Okay, let's go with the basic Animated Actor concept used in such things as Who Framed Roger Rabbit and a number of Warner Bros. cartoons and films. Tom and Jerry are, at the start of the film, shooting a new short when all of a sudden the director, writer, and the rest of the crew just walk off the set. (The director is probably yelling at the writer "Okay, where's the rest of the script?!? What do you mean, you don't know what happens after the house gets demolished?").
Not knowing what to do, Tom and Jerry wander around the various sets of the studio, improvising silently, until they run into Pugsley. At this point, they realize they've walked into a different movie all of a sudden, so they humor Pugsley. They break character by talking and then singing with Pugsley about friendship. Afterwards, they attempt to find their way back to the set of the film they should be making, only to end up on the set of yet another film... a film about singing cat gangs.
Clearly spooked by this, they decide they were better off in the first wrong movie and rush back to that set, and meet Robyn. The director of that film says "Perfect! They're just who we need to play the sidekicks in this movie!" and casts them right away. Tom and Jerry accept, tired of being typecast and wanting to stretch themselves as actors.
At the film's end at Robyn's house, Tom and Jerry do a chase out of force of habit, and the director decides to just Throw It In! because it's a good nod to their normal stuff. And then he finds the unfinished short Tom and Jerry were filming before and slaps it on to the beginning of the movie, and tada! He's got Tom and Jerry: The Movie.
Everything from this point was just their Dying Dream as they lay buried under tons of rubble, a nightmare world in which they talk and are friends and their roles are reduced to sidekicks of a little girl, sort of a metaphor of the franchise dying with them...
- And, when they finally chase each other, they're trying to hold on to their last shreds of their previous forms before finally slipping into oblivion...
They're just so preoccupied with the chase that neither of them really bother speaking, except for those brief moments in the original shorts. Also, despite what fiction might tell you, high-speed chases don't really leave a lot of time for witty banter.
- This is well supported by the original shorts.
- The movie out-and-out says they always could, they just never had anything to say to each other.

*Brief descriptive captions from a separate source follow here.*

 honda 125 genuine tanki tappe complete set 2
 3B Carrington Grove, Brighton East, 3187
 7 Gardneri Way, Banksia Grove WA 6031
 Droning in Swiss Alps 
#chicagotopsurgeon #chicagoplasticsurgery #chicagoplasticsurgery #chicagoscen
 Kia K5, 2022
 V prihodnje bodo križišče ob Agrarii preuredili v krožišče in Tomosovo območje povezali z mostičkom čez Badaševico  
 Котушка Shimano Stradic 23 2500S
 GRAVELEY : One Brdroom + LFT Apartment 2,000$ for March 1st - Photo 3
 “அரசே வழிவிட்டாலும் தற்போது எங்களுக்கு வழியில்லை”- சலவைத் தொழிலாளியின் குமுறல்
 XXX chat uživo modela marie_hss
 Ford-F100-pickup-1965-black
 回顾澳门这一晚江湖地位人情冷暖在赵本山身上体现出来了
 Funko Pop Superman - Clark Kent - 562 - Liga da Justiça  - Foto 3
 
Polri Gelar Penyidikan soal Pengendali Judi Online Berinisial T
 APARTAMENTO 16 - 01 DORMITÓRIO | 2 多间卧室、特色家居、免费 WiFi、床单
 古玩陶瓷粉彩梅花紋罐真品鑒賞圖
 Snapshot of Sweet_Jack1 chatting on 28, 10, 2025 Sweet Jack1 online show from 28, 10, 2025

Both are blonde, both were completely unnecessary additions that ruined the film of a beloved icon, and she did date Indiana Jones. The dark truth is that Willie and Indie broke up shortly after The Temple of Doom, but not before he unknowingly got her pregnant. Being the screamy, shallow whiner she is, Willie dumped Robyn in an orphanage. However, she had just enough human decency to give her a locket of her father, allowing her to locate him if she ever got into trouble.
Both Robyn and Tom's owner at the start of the movie are blonde. Tom and Jerry get amnesia from the wrecking ball during the demolition of the house. This allows Time Lords Puggsy and Frankie to send them back in time using what appears to be a Model T on cement blocks without them noticing. Off-screen experimentation by "Doctor" Applecheek gives Tom and Jerry the immortality needed to complete the time loop. As seen at the end of the movie, Tom and Jerry's destructive ways have eaten through Robyn's inheritance and forced her to sell "Robyn's nest" and move to the suburbs by the time the start of the movie happens again.
She didn't actually die, she just walked off on Robyn and her father to live for herself without them. To spare Robyn from the depressing truth, her dad said she died. She moved to the suburbs, became the owner of Tom and later, when Tom got lost during the move, she just decided 'Screw that cat'.
- He's just agreeing with Aunt Figg to avoid invoking her wrath. Notice how most of his parts in "Money is Such a Beautiful Word" are along the lines of "It is, it is" and "Quite so, quite so."
- Alternately, he had actual romantic feelings for her, and his responses in the song are his way of letting her know he'll give her what she wants if it'll make her happy with him.
Both are seemingly kind and harmless old men who appear to be giving the heroes their hearts' desires, but in reality, are nothing more than greedy opportunists who wish to exploit/sell animals for the right price. They even resemble each other: fat, round-faced, and even with thinning white/grey hair and a pug nose.